(SOURCE MATERIAL)
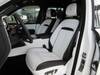 ROLLS ROYCE OTHER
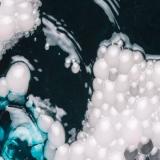 ضدکف (آنتی فوم) سیلیکونی و غیر سیلیکونی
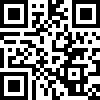 https://qudsonline.ir/xcwTx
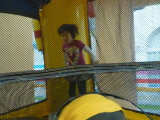 img0140.jpg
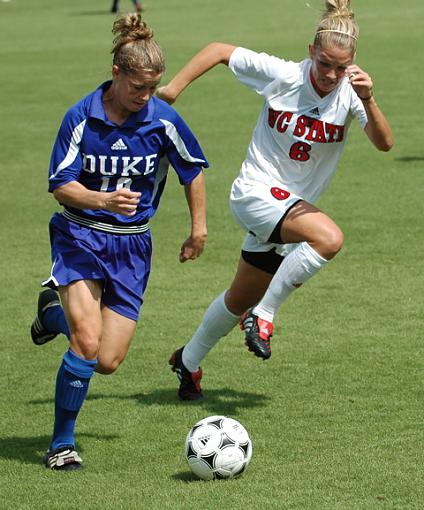 Womens soccer (NCSU vs. Duke)  Lots of pics!-dsc_0069.jpg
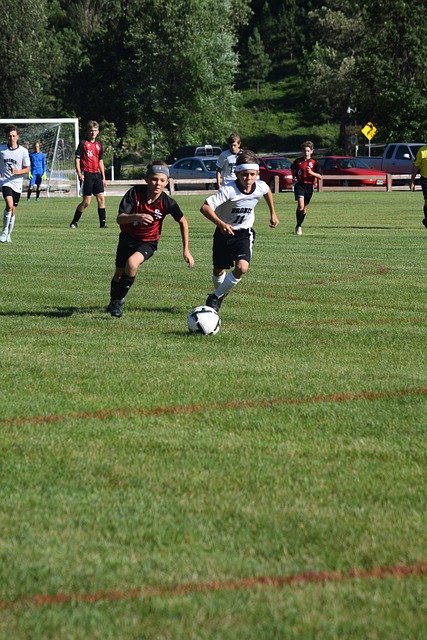 訓練和心理 訓練和心理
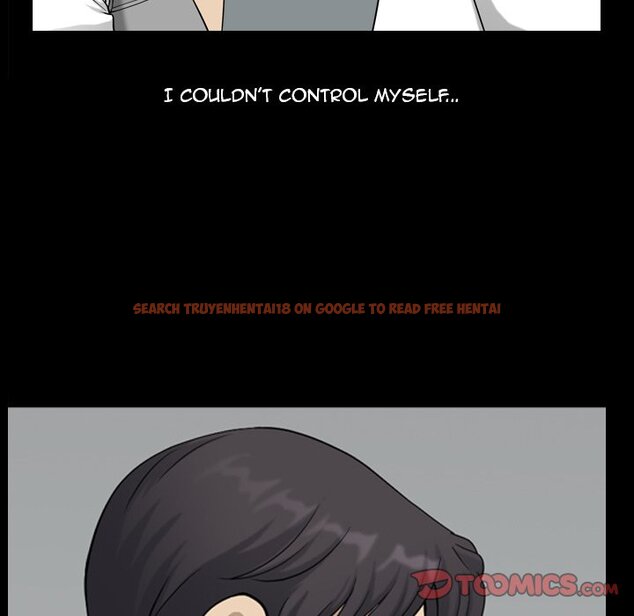 Read Hentai Image 39 409 in comic Lowlife - Chapter 24 - hentaitnt.net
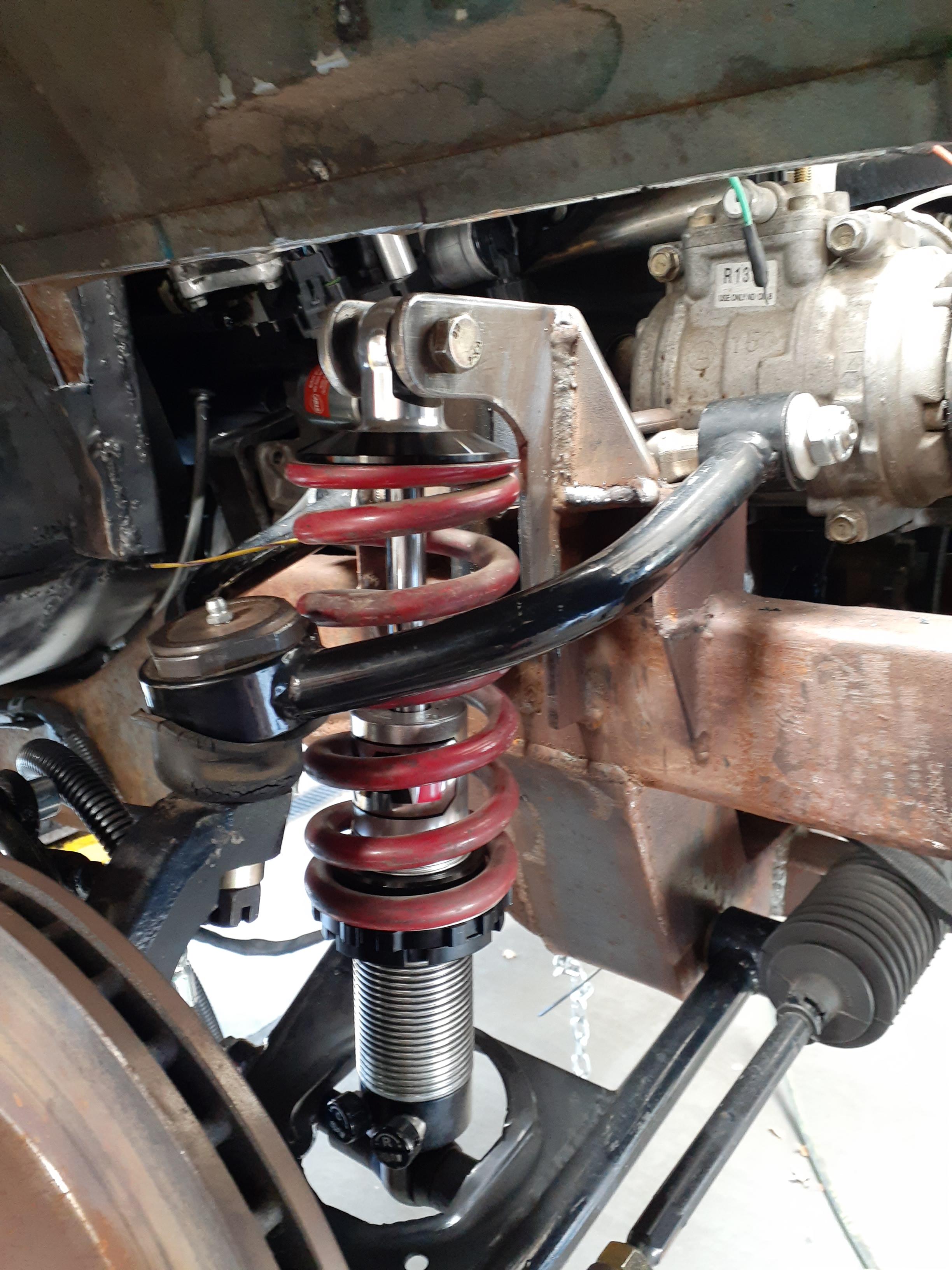 Name:  kgP7G8t.jpg
Views: 151
Size:  668.6 KB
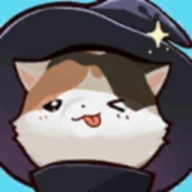 利爪大乱斗（ClawsAndChaos）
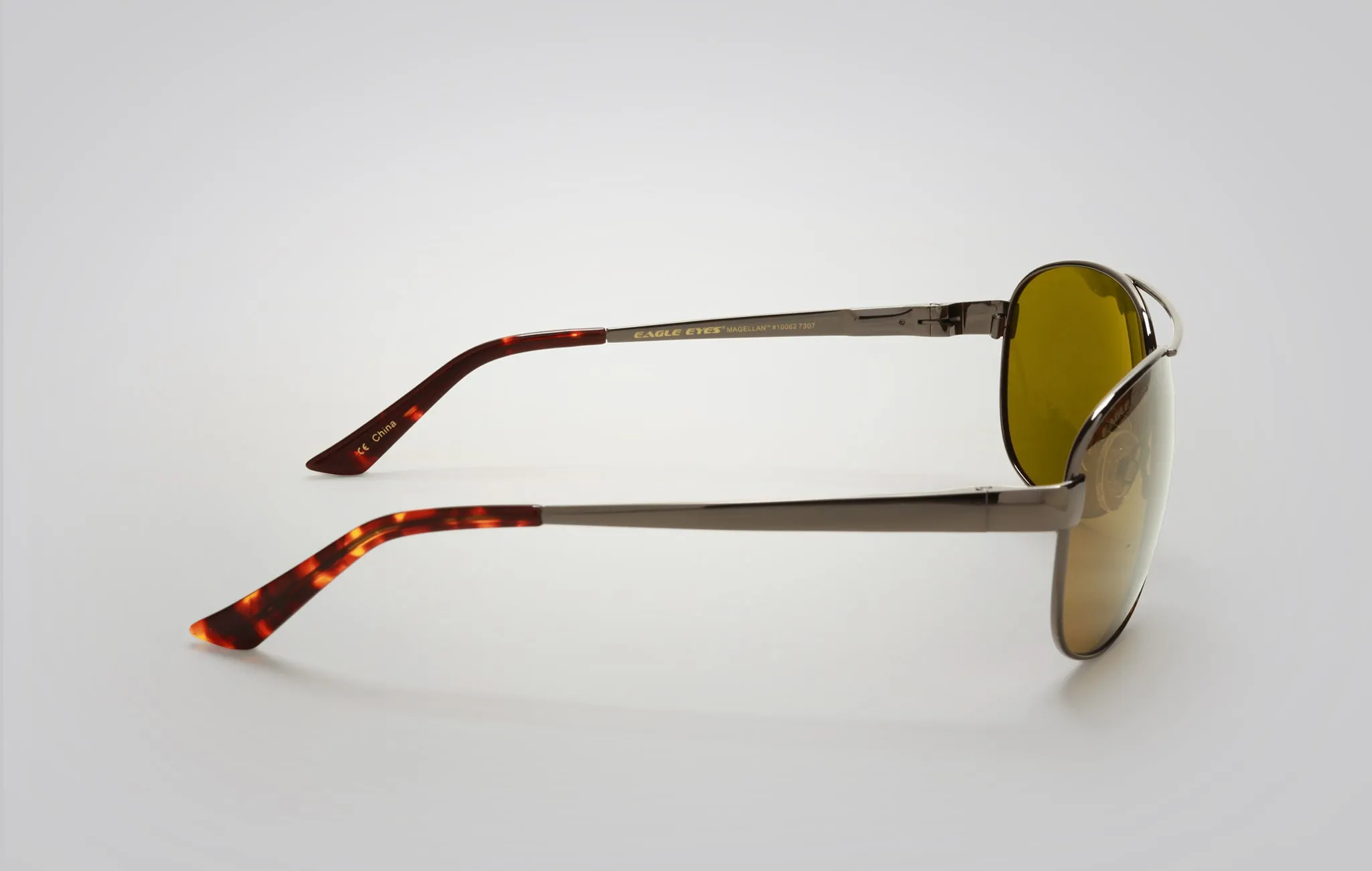 Magellan Sunglasses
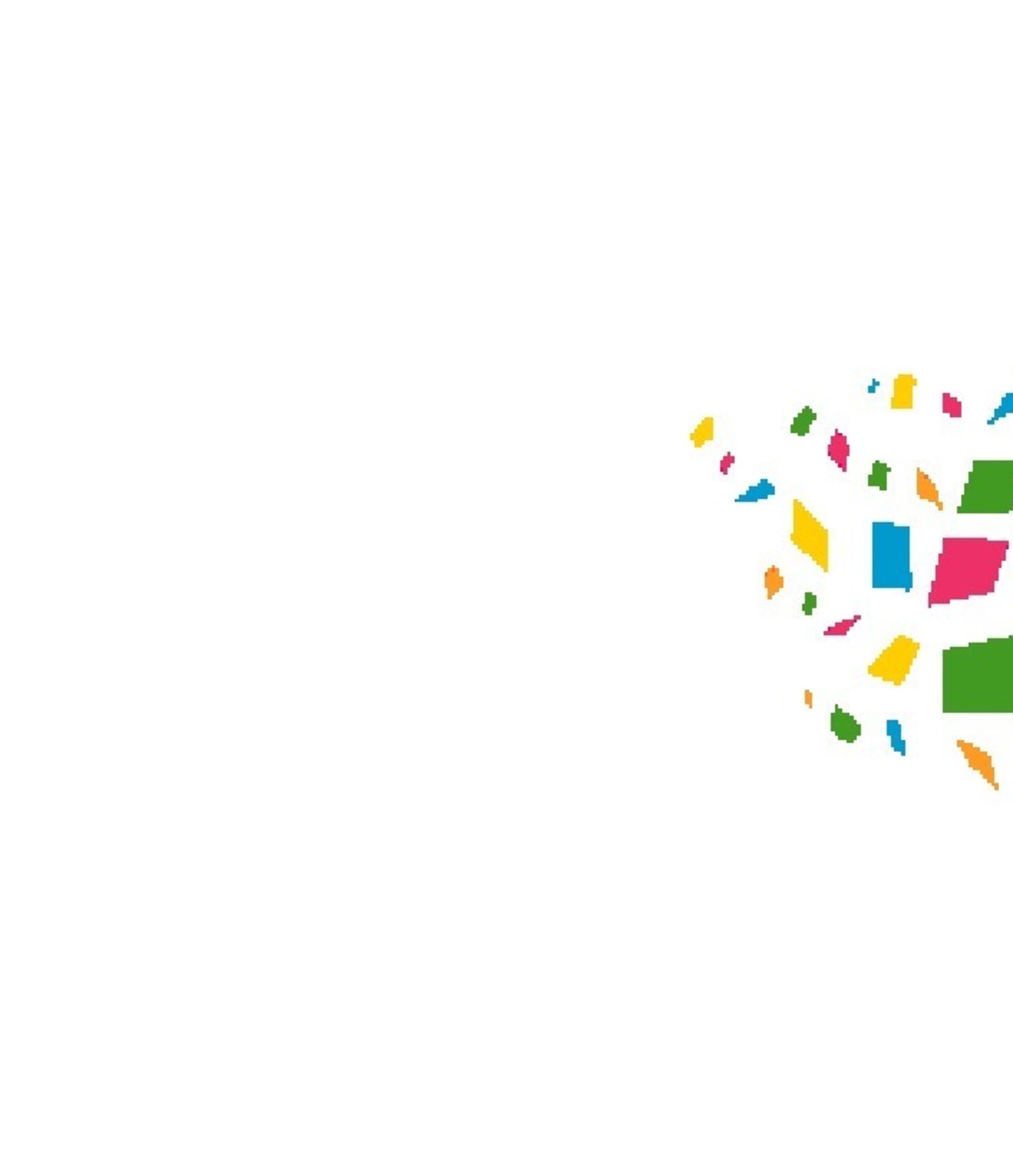 Һәйкәл асылды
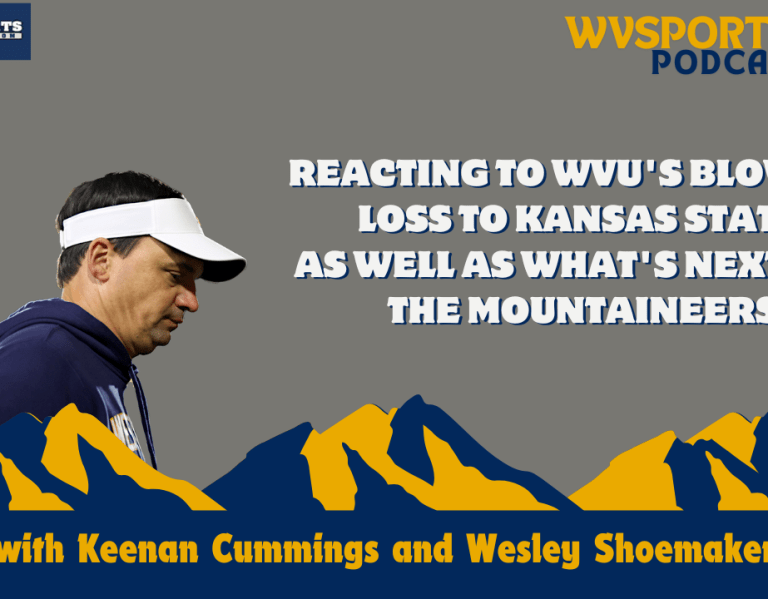 westvirginia.rivals.com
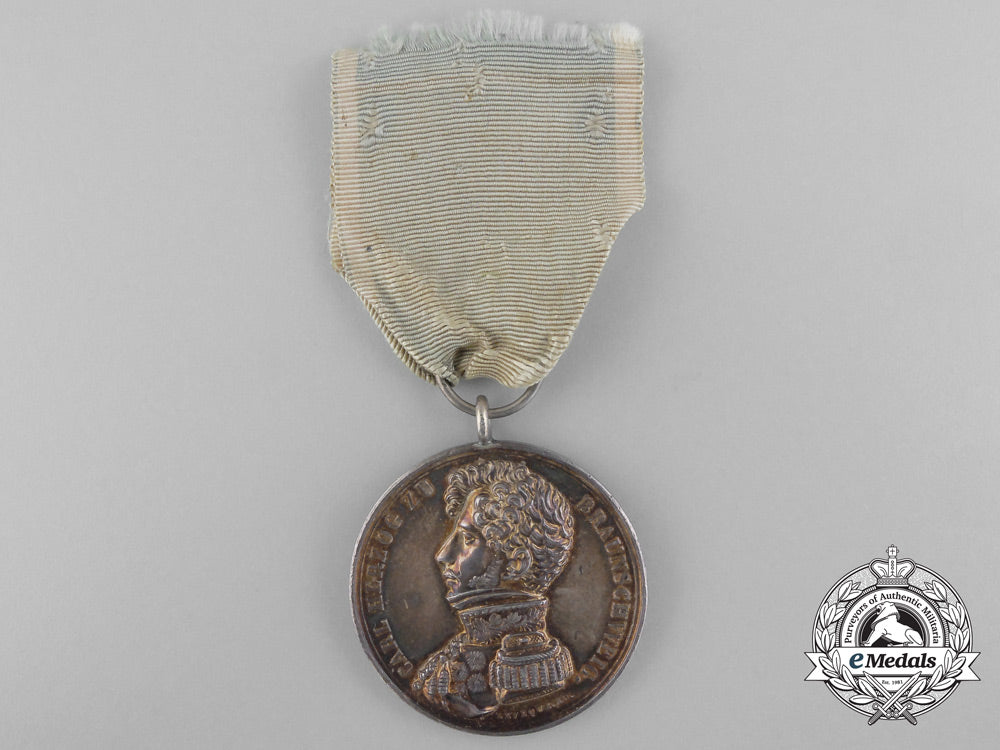 a_rare_napoleonic1815_brunswick_military_merit_medal'_silver_grade_b_1838_1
(End SOURCE MATERIAL)
-- EXERCISE REQUIREMENTS --
A faithful, word-for-word copy of the data is needed; the pictures should not appear in it.

-- OUTPUT OF THE TASK --
 ROLLS ROYCE OTHER
 ضدکف (آنتی فوم) سیلیکونی و غیر سیلیکونی
 https://qudsonline.ir/xcwTx
 img0140.jpg
 Womens soccer (NCSU vs. Duke)  Lots of pics!-dsc_0069.jpg
 訓練和心理 訓練和心理
 Read Hentai Image 39 409 in comic Lowlife - Chapter 24 - hentaitnt.net
 Name:  kgP7G8t.jpg
Views: 151
Size:  668.6 KB
 利爪大乱斗（ClawsAndChaos）
 Magellan Sunglasses
 Һәйкәл асылды
 westvirginia.rivals.com
 a_rare_napoleonic1815_brunswick_military_merit_medal'_silver_grade_b_1838_1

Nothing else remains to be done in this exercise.